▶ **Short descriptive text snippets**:

^^^^^^^^

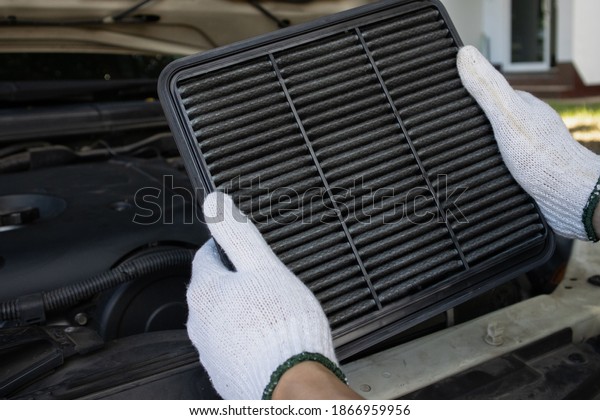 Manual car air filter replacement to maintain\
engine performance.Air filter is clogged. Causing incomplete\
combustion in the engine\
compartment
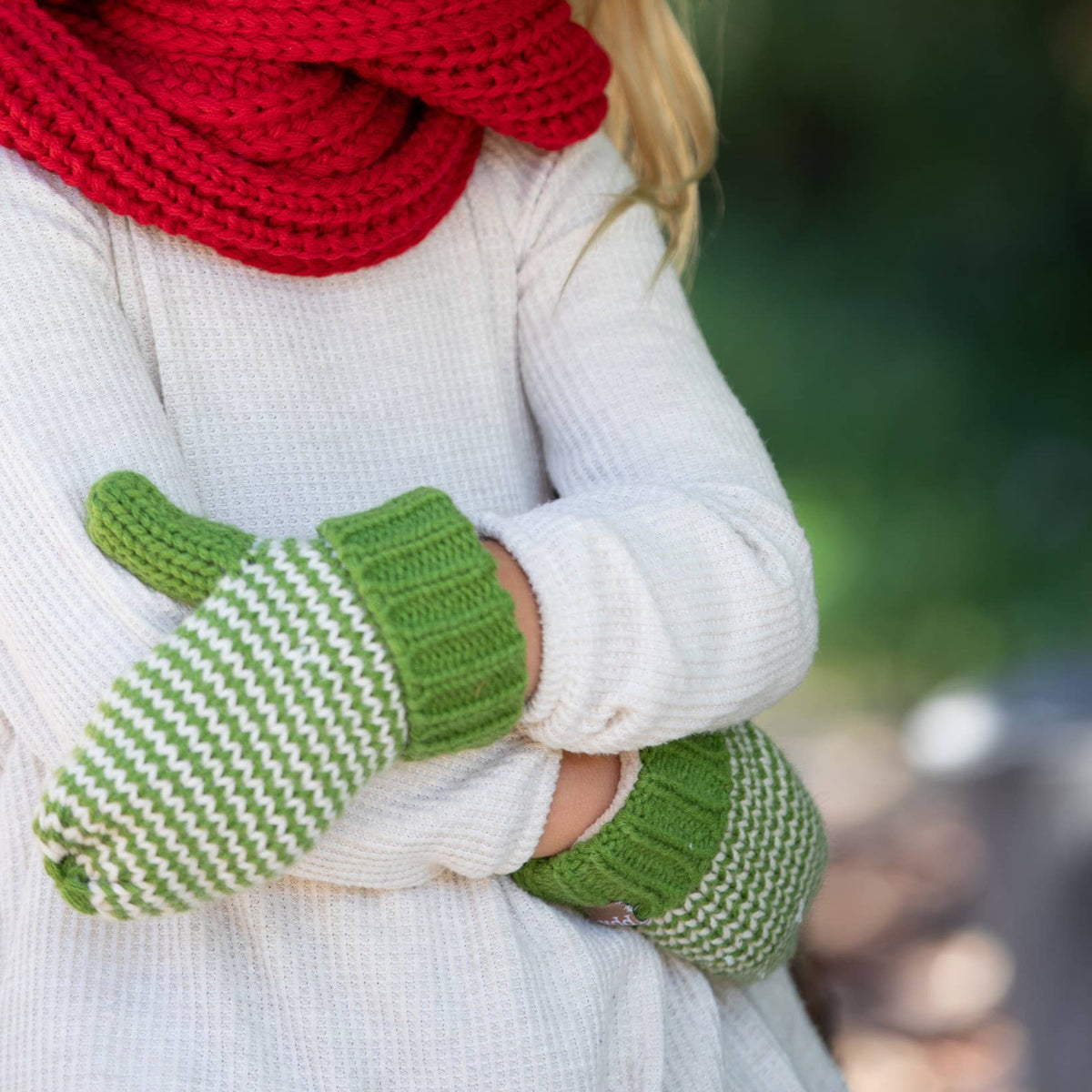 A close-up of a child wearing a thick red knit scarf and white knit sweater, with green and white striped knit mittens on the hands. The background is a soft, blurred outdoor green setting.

^^^^^^^^

Please set down only the lines from the first line of the records above through the line that has "compartment", exactly, and not the pictures.

 Manual car air filter replacement to maintain\
engine performance.Air filter is clogged. Causing incomplete\
combustion in the engine\
compartment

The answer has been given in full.